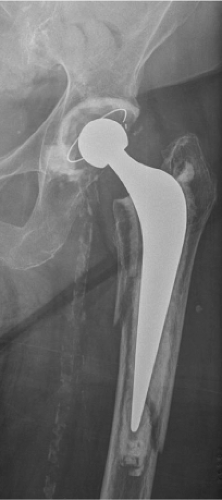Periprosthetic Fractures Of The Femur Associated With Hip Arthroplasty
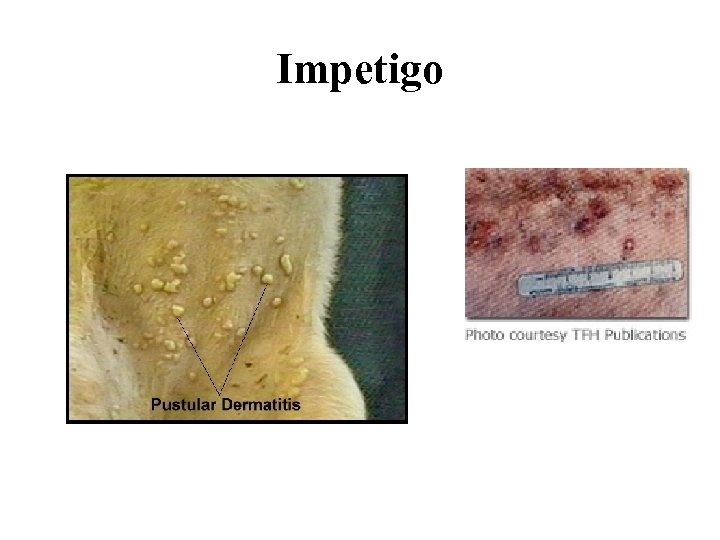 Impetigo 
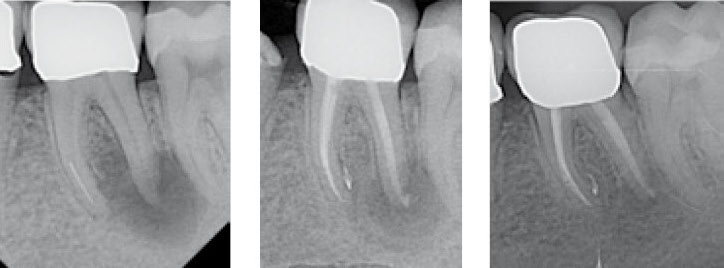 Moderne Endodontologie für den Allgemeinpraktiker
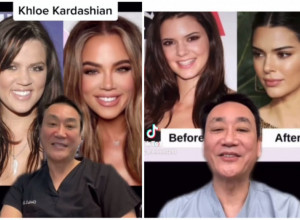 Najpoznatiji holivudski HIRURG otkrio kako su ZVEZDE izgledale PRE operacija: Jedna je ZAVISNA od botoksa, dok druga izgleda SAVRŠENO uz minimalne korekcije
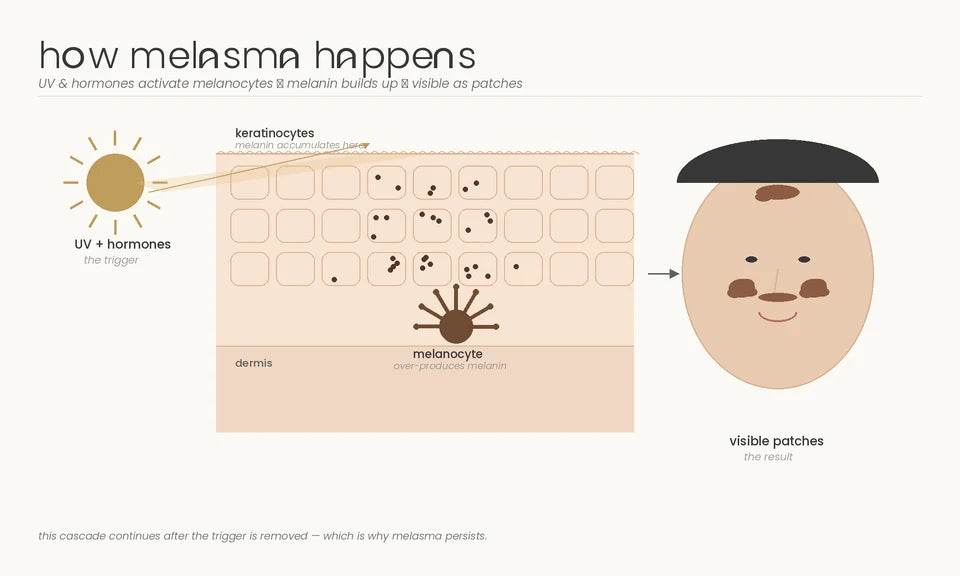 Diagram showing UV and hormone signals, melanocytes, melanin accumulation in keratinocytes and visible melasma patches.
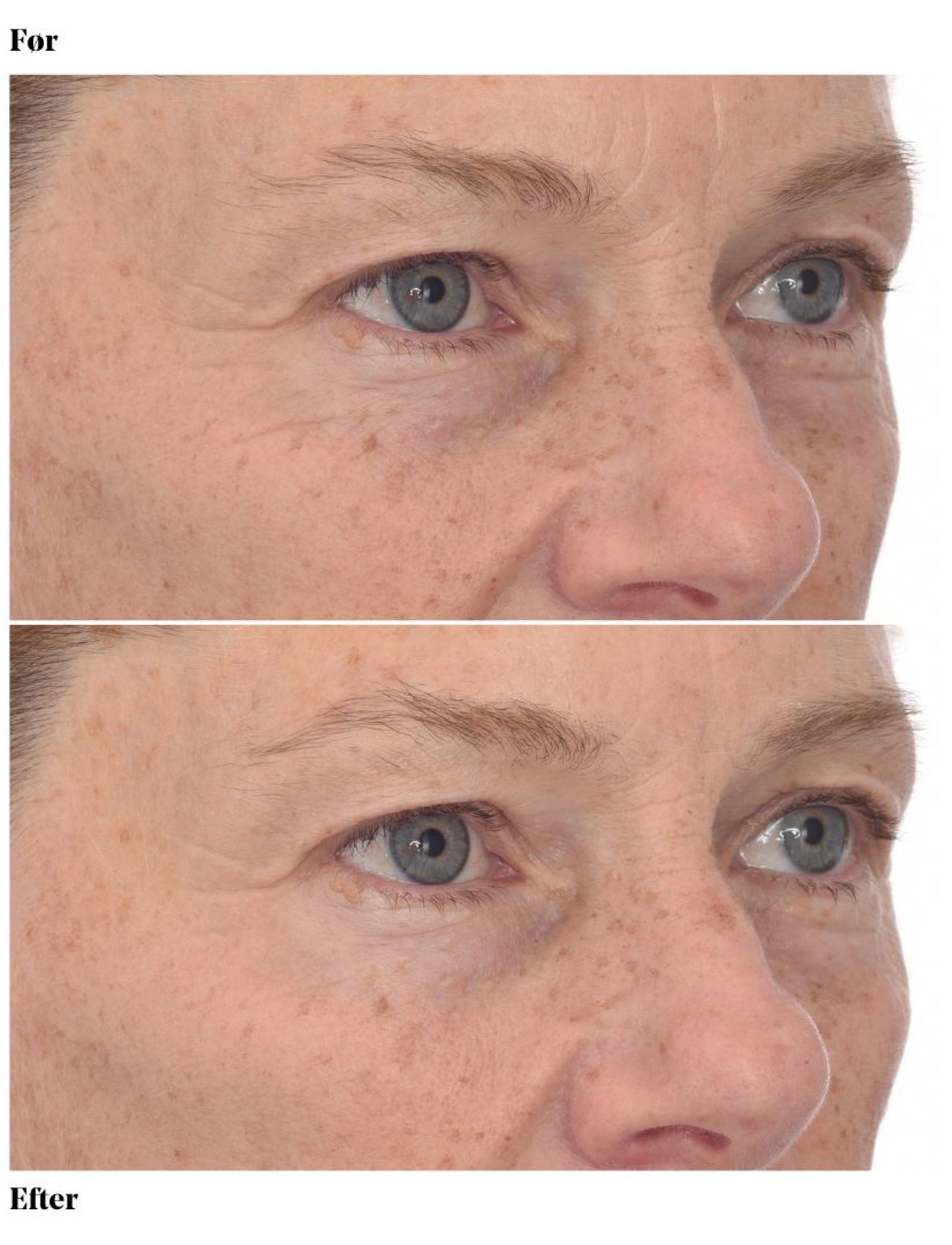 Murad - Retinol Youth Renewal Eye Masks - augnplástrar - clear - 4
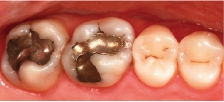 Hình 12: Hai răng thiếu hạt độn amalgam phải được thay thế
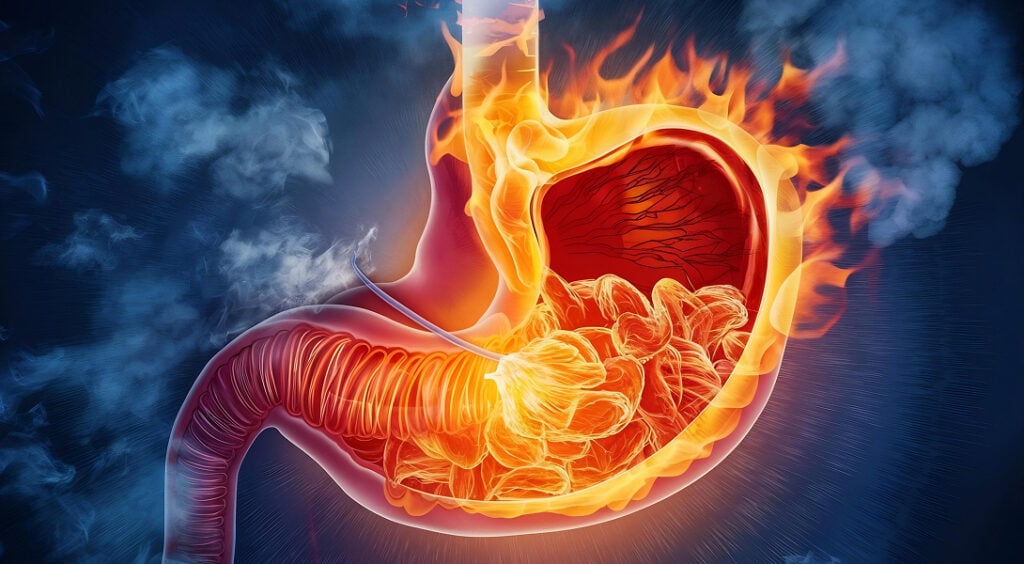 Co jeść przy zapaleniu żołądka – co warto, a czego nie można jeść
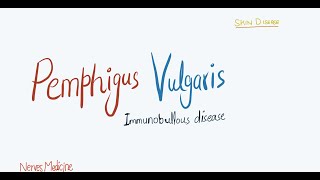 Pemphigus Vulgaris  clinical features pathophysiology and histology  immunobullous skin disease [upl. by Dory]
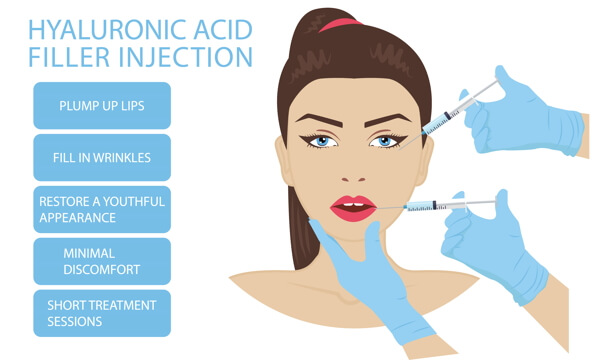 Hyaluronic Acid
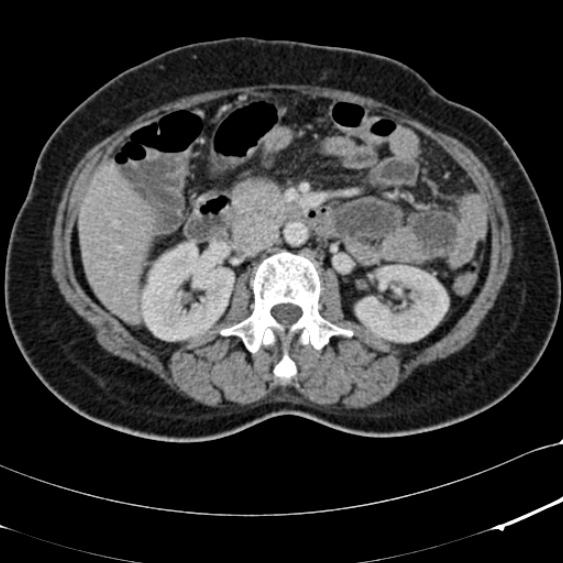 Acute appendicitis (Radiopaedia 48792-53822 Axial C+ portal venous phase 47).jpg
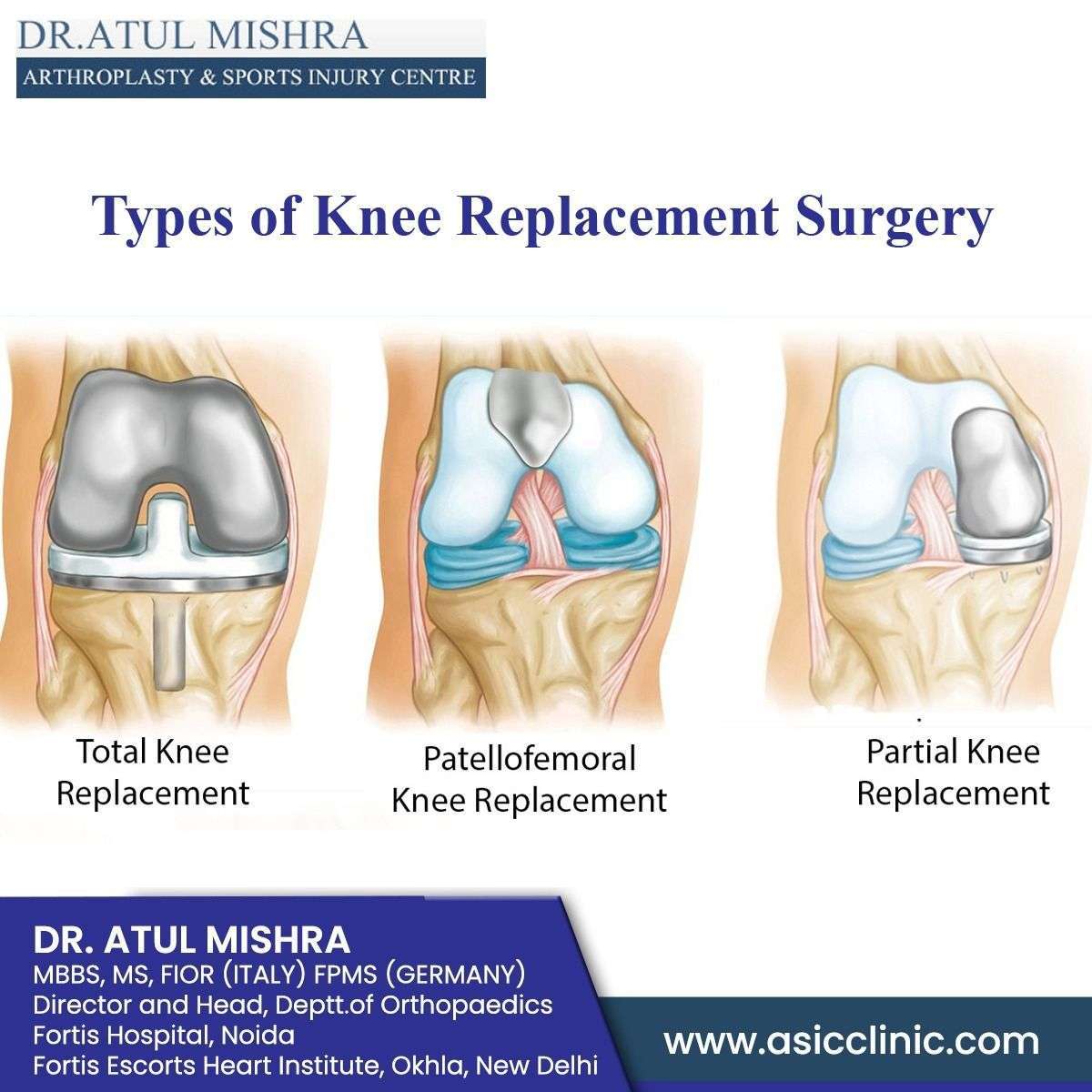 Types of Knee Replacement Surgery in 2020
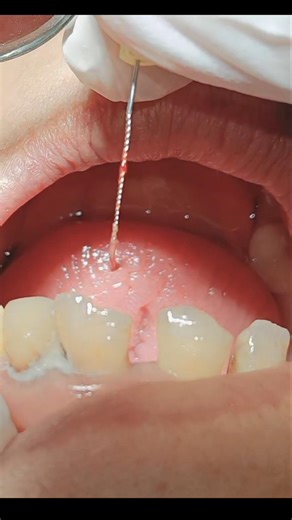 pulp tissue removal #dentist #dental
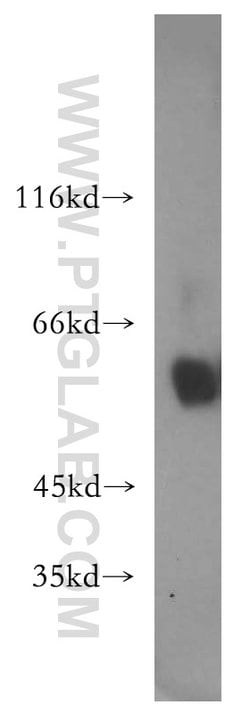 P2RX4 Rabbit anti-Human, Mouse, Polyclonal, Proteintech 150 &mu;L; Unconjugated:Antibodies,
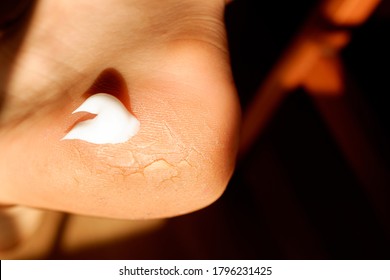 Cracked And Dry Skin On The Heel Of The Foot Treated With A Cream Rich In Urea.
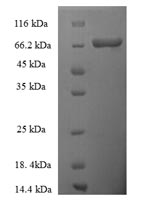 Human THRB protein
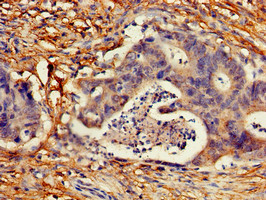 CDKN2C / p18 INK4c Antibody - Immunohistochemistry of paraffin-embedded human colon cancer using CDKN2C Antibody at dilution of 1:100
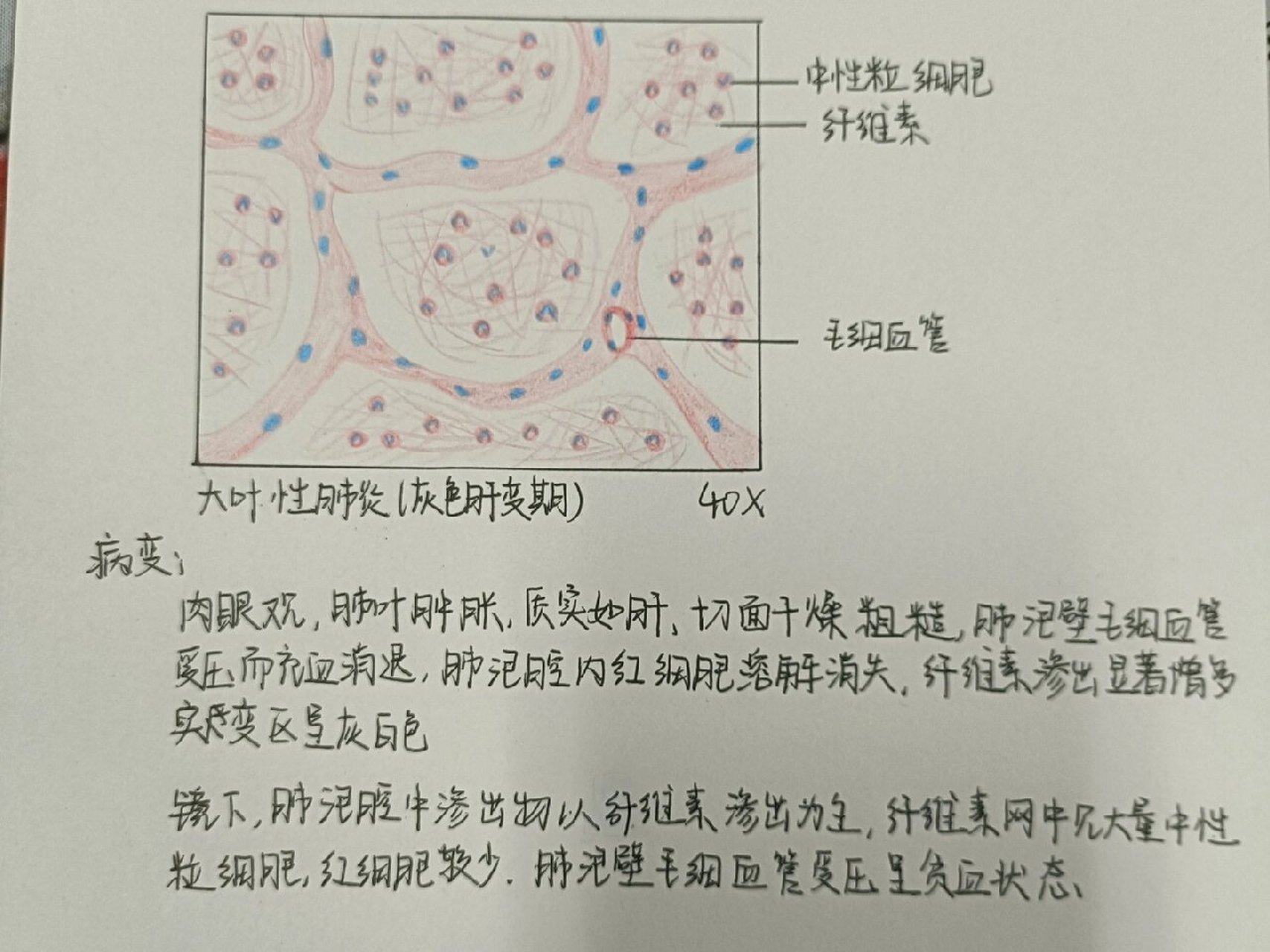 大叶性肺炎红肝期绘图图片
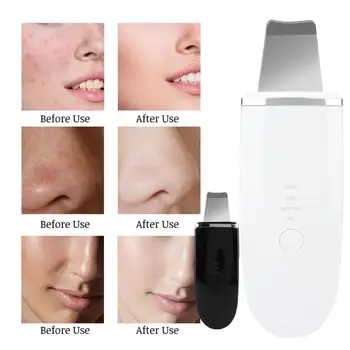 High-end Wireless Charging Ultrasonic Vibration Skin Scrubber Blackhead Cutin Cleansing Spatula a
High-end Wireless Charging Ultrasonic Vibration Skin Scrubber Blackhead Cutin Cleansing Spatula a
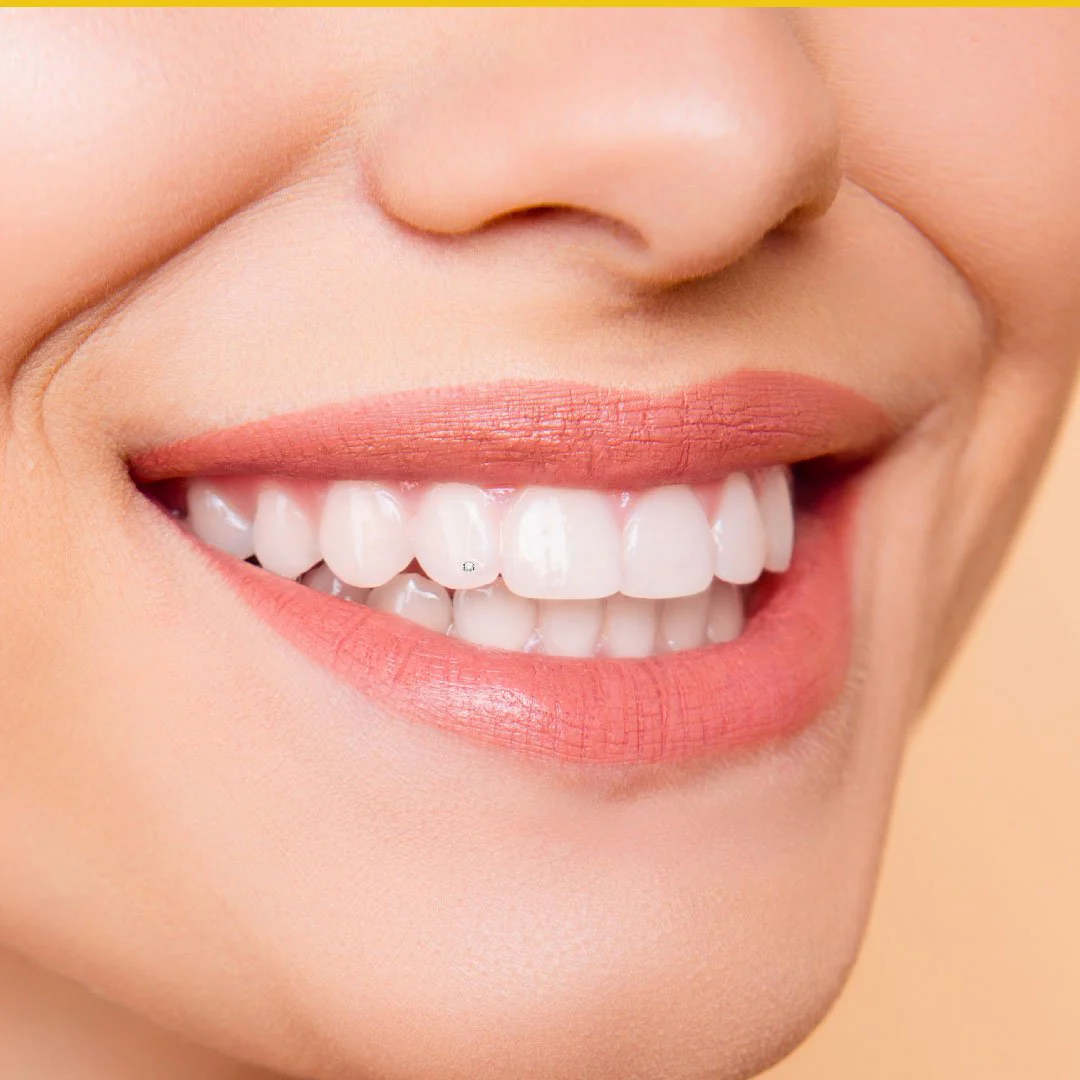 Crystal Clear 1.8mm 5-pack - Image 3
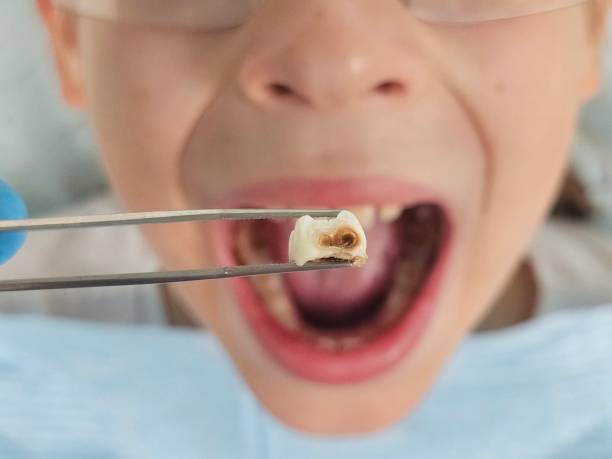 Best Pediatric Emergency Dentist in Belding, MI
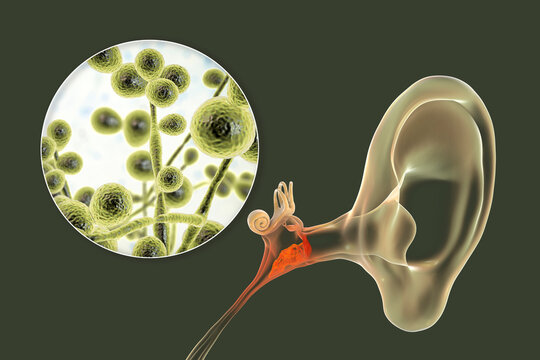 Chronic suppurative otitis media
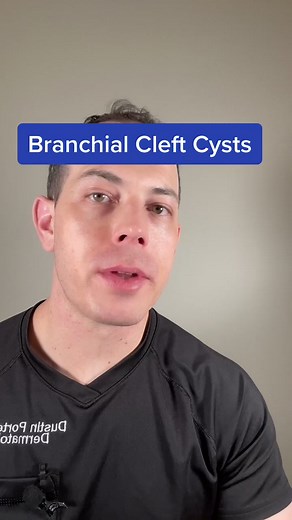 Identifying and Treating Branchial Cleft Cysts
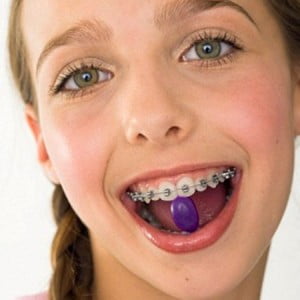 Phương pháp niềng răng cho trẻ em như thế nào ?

- [Your instructions]: Pictures are not part of the answer. Restate word for word the lines from the one with "Identifying and Treating" through the last line of the records.

- [Output for this exercise]:
 Identifying and Treating Branchial Cleft Cysts
 Phương pháp niềng răng cho trẻ em như thế nào ?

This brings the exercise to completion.